Elasticsearch _search query always runs on every index

Elasticsearch _search query always runs on every index - elasticsearch

I'm having an issue with a Kibana Dashboard, which complains with multiple Courier Fetch: xxx of 345 shards failed. warning messages every time I reload it.
Okay, I'm asking for data spanning over the last 15 minutes, and I have an index per day. There is no way today's index contains 345 shards. So, why does my query span over so many shards ?
Things I have checked :
Number of indices and of shards per index :
I checked this using the _cat/indices endpoint : After filtering out indices I didn't create myself (such as kibana's indices, basically everything that starts with a dot), I have 69 indices, each containing 5 shards (adding up to a total of 345 shards). That's what I was expecting.
This basically means that my search is executed on all of my indices.

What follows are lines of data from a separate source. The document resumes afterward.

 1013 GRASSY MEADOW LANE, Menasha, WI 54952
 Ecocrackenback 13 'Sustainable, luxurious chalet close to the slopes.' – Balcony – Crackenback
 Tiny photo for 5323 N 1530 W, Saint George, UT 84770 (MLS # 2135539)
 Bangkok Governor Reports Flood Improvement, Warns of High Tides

I'm not writing new data to old indices :
Here is a query for last hour's records on today's index1 :
GET 20181027_logs/_search
{
"query": {
"bool": {
"must": [
{
"range": {
"timestamp": {
"gte": 1543326215000,
"lte": 1543329815000,
"format": "epoch_millis"
}
}
}
]
}
}
}
Answer (truncated) :
{
"took": 2,
"timed_out": false,
"_shards": {
"total": 5,
"successful": 5,
"failed": 0
},
"hits": {
"total": 1557,
Same query without restricting the index :
GET *_logs/_search
{
"query": {
"bool": {
"must": [
{
"range": {
"timestamp": {
"gte": 1543326215000,
"lte": 1543329815000,
"format": "epoch_millis"
}
}
}
]
}
}
}
Answer (truncated) :
{
"took": 24,
"timed_out": false,
"_shards": {
"total": 345,
"successful": 345,
"failed": 0
},
"hits": {
"total": 1557,
We can see that the second query returns exactly the same results than the first one, but searches through every index.
My timestamp field is indexed :
By default, every field in elasticsearch is indexed, but I still double-checked it :
GET 20181027_logs/_mapping
{
"20181027_logs": {
"mappings": {
"logs": {
"properties": {
[…]
"timestamp": {
"type": "date"
}
[…]
While a non-indexed field would give2 :
"timestamp": {
"type": "date",
"index": false
}
Remaining leads
At this point, I have really no idea what could be the issue.

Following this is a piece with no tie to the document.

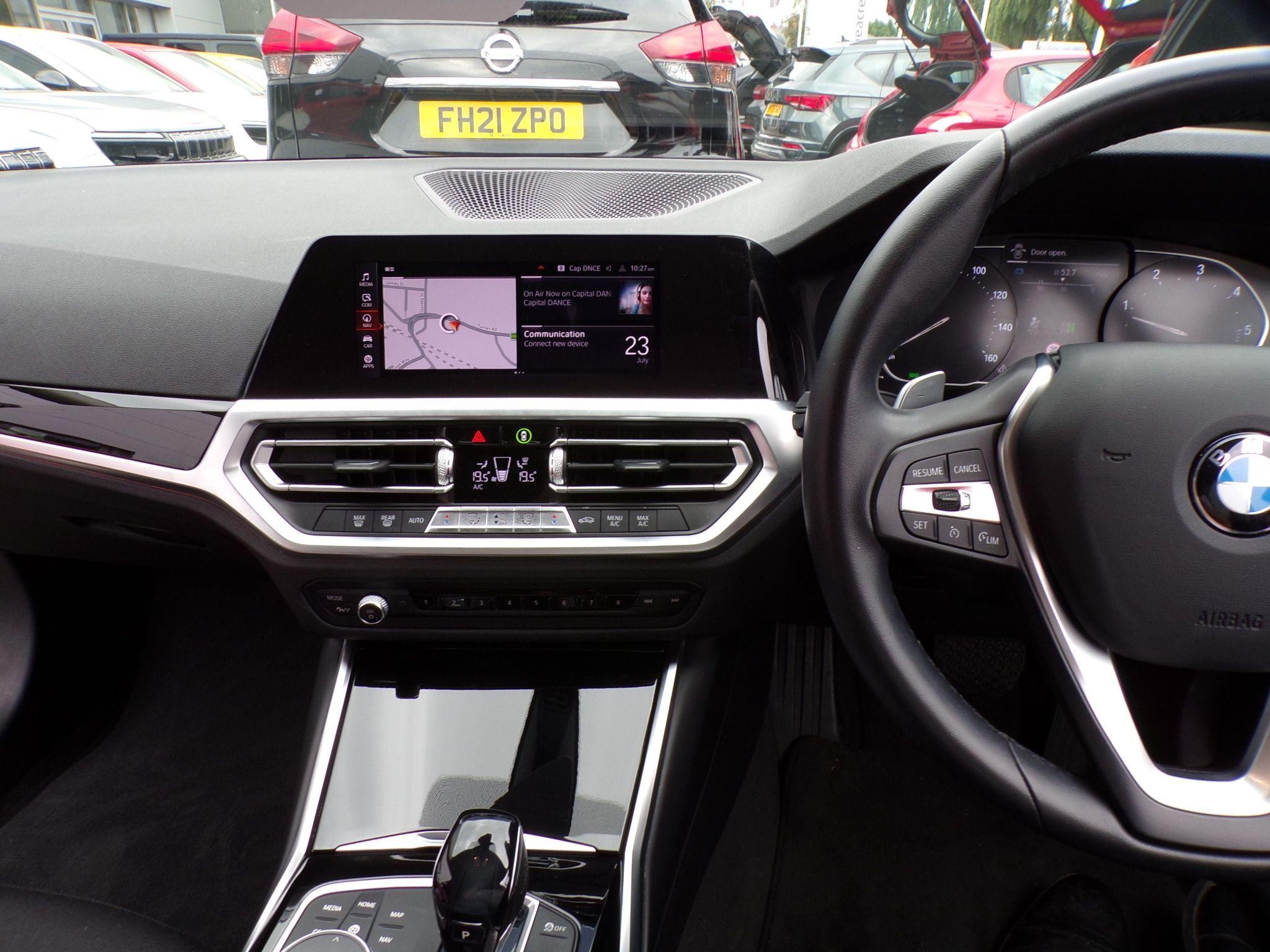 BMW 3 Series Image 19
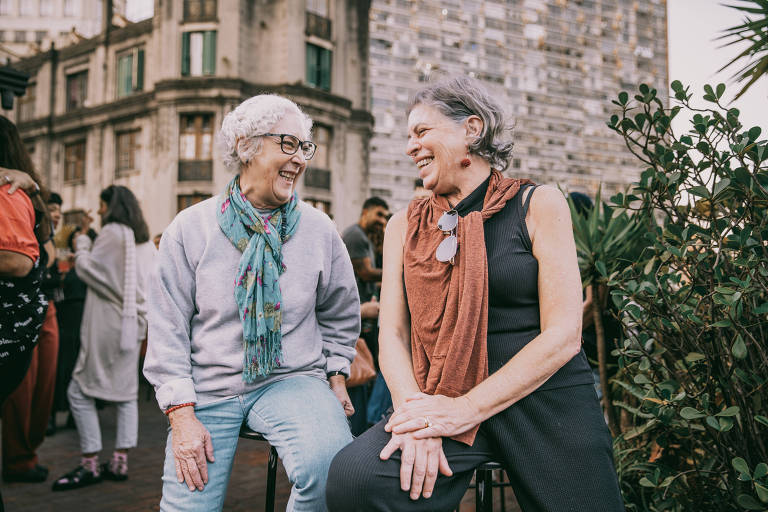 Thereza Verde, 69, paisagista e Liliana Navarro, 62, historiadora, no bar 'Balsa', na região central de São Paulo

Just as a side note : The timestamp field is not the insertion date of the event, but the date at which the event actually happened. Regardless of this timestamp, the events are inserted in the latest index.
This means that every index can have events corresponding to past dates, but no future dates.
In this precise case, I don't see how this could matter : since we're only querying for the last 15 minutes, the data can only be in the last index no matter what happens.
Elasticsearch and Kibana version : 5.4.3
Thanks for reading this far, and any help would be greatly appreciated !
1 : There's a mistake in index naming, causing an offset between the index name and the actual corresponding date, but it should not matter here.
2 : This was checked on another elastic cluster, of the same version, with some fields explicitly opted out of indexing

TL;DR
I finally solved the issue simply by reducing the number of shards.
Full disclosure
When using the dev tools on kibana, I could find many errors on the _msearch endpoint :
{
"shard": 2,
"index": "20180909_logs",
"node": "FCv8yvbyRhC9EPGLcT_k2w",
"reason": {
"type": "es_rejected_execution_exception",
"reason": "rejected execution of org.elasticsearch.transport.TransportService$7#754fe283 on EsThreadPoolExecutor[search, queue capacity = 1000, org.elasticsearch.common.util.concurrent.EsThreadPoolExecutor#16a14433[Running, pool size = 7, active threads = 7, queued tasks = 1000, completed tasks = 16646]]"
}
},
Which basically proves that I'm flooding my ES server with too many parallel requests on too many shards.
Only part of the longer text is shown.